### Activity
For the records below, output each line exactly as it appears, from the first through the line with "Женская футболка из".

== Segment start ==

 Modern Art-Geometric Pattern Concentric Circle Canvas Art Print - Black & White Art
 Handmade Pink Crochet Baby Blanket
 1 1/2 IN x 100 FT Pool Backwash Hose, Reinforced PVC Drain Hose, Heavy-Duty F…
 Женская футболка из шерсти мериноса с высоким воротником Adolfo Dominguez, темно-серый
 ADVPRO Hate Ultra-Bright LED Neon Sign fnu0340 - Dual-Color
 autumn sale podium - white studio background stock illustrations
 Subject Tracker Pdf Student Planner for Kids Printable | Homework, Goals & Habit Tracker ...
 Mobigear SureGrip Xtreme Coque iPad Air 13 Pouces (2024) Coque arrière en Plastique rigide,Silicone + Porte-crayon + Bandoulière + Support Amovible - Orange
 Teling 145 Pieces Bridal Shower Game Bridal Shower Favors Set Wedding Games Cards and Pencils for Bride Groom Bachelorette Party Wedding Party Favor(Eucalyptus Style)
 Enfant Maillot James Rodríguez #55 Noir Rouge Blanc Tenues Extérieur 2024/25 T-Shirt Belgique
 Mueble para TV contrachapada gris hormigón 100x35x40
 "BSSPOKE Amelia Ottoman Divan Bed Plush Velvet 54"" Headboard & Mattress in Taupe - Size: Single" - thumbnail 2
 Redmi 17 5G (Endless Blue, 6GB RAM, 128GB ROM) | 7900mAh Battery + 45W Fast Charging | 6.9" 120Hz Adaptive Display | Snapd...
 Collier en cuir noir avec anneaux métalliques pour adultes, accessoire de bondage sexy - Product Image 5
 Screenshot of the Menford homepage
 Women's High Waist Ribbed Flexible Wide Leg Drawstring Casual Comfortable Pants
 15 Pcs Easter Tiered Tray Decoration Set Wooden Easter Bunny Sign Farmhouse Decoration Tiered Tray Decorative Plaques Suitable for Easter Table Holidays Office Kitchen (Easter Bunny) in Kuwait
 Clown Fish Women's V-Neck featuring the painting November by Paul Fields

== Segment end ==

### Output below
 Modern Art-Geometric Pattern Concentric Circle Canvas Art Print - Black & White Art
 Handmade Pink Crochet Baby Blanket
 1 1/2 IN x 100 FT Pool Backwash Hose, Reinforced PVC Drain Hose, Heavy-Duty F…
 Женская футболка из шерсти мериноса с высоким воротником Adolfo Dominguez, темно-серый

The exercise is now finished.